How to answer “Why this college?” supplemental essays
“Why this college?” seems like a simple question, but it usually proves to be the most difficult of supplemental essays for students.
Everyone’s natural inclination is to regurgitate facts about the school. Students tend to write sentences that have little insight, such as, “You have a gorgeous campus” or “I love that you are located in the city.” Admissions counselors aren’t interested in learning about their school—they already know all about it.
The key to answering this question effectively is to prove your interest in the college.
The key to answering this question effectively is to prove your interest in the college. That means taking what you’ve done in the past and applying it to the future in a specific way that indicates you’ve done your research. Your point could be as simple as, “I want to build on my passion for engineering at UCLA, and I would relish the opportunity to work with professor John Smith because of his groundbreaking research in the field.” Or you could write, “I was heavily involved in Fremd’s student council, serving as secretary my junior year. Part of my interest in Kenyon College stems from the school’s robust student government.” You get the idea.

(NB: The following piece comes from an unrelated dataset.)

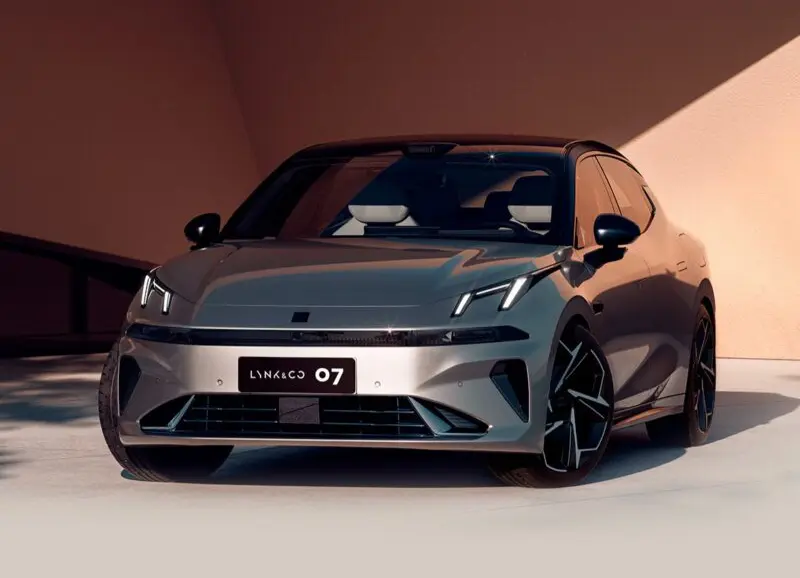 Lynk & Co 07 EM-P вид спереди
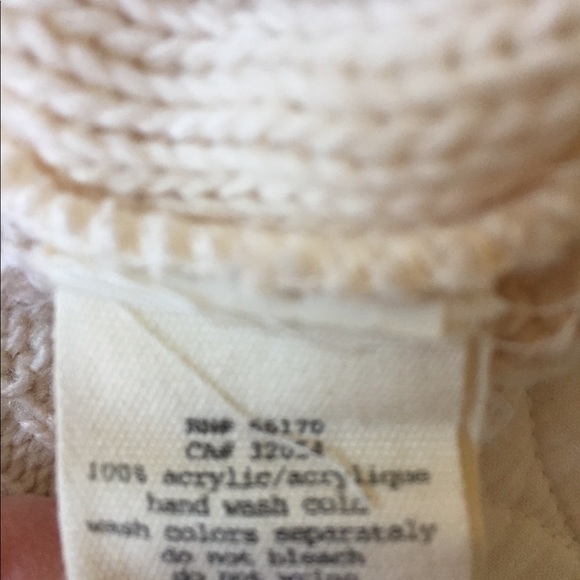 Urban Outfitters Ivory Knitted Sweater - Picture 3 of 4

I recommend starting most sentences with “I” clauses. For example: “I was a four-year starter in softball at Glenbard West, and one of my goals is to continue playing at DePauw because it has such a noted program.” There’s a caveat, though: Don’t overdo the starting-sentences-with-an-“I” approach. You want to vary the structure of your sentences so that the essay reads with zest. Mainly, your goal simply should be to write in an action-oriented manner that utilizes positive language.
More than anything, specificity separates the excellent from the mediocre essays.
At Partners for Achievement, we have a guide, “School of Choice Research Organizer,” (now titled the Confident College Choice Worksheet) which helps our students drill down to specific achievements and goals that can be matched to particular colleges. More than anything, specificity separates the excellent from the mediocre essays. Our guide takes kids through a series of pointed questions, such as, “What classes would you have taken if you had been a college freshman this year?” or “What are two extracurricular activities that you want to be part of in college?”
The “Why this college?” supplemental essay is often poorly executed, and that provides you with a golden opportunity. If you can nail this one, it will be a differentiator, something that will really set you apart from other applicants.